Alex Gaynor’s Django-Taggit is a great piece of software, but was missing two features essential for Bucketlist:
1) Users could create tags “Music” and “music” which would create two logically different taxonomies on the site, which was confusing and messy. I’ve added a settings option to force lowercase. When this is enabled, all tags will be lowercased as they’re submitted, preventing duplication.
2) Many users don’t read instructions, and enter multi-word tags without quotes, which results in the system being polluted with lots of tags “the”, “of”, “an” etc. You can now define a set of “stopwords” in settings. Any detected stop words will be removed from the submitted tag set.
I forked Gaynor’s taggit to add these features. See shacker/django-taggit.
I also wrote a script to fix all of the duplicate tags that had gone into the system after installing the original django-taggit but before doing my forked version. You’ll find that script on the repo’s Wiki page.
Rather than defining a list of stopwords you could add support for NLTK.
>>> from nltk.corpus import stopwords
>>> stopset = set(stopwords.words(‘english’))
This could also help you remove a lot more duplication.
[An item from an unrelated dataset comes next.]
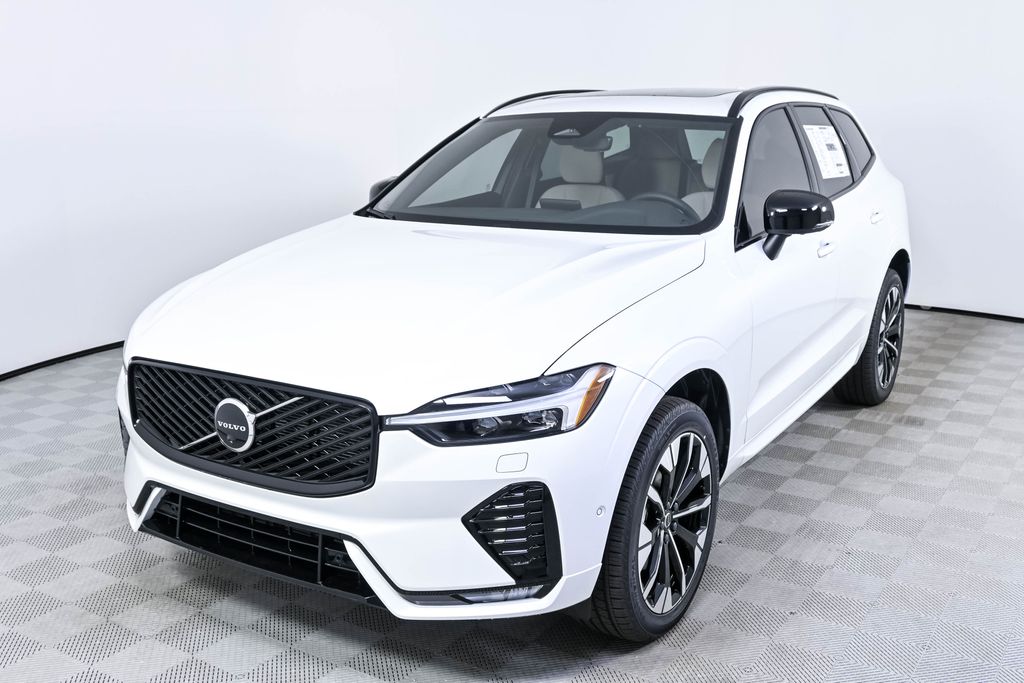 2026 Volvo XC60 B5 Plus Dark AWD's photo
Converting to lower case is a great start, but what about pluralisations? You could end up with tags “walk”, “walks”, “walking”, “walked” when really a search for any one should also return the others. With NLTK you can easily stem or lemmatize tags reducing this duplication.
Aaron, this is a great tip, thanks! I hadn’t heard of NLTK before, but will look into it. Nice.
Cool man!
Very useful app.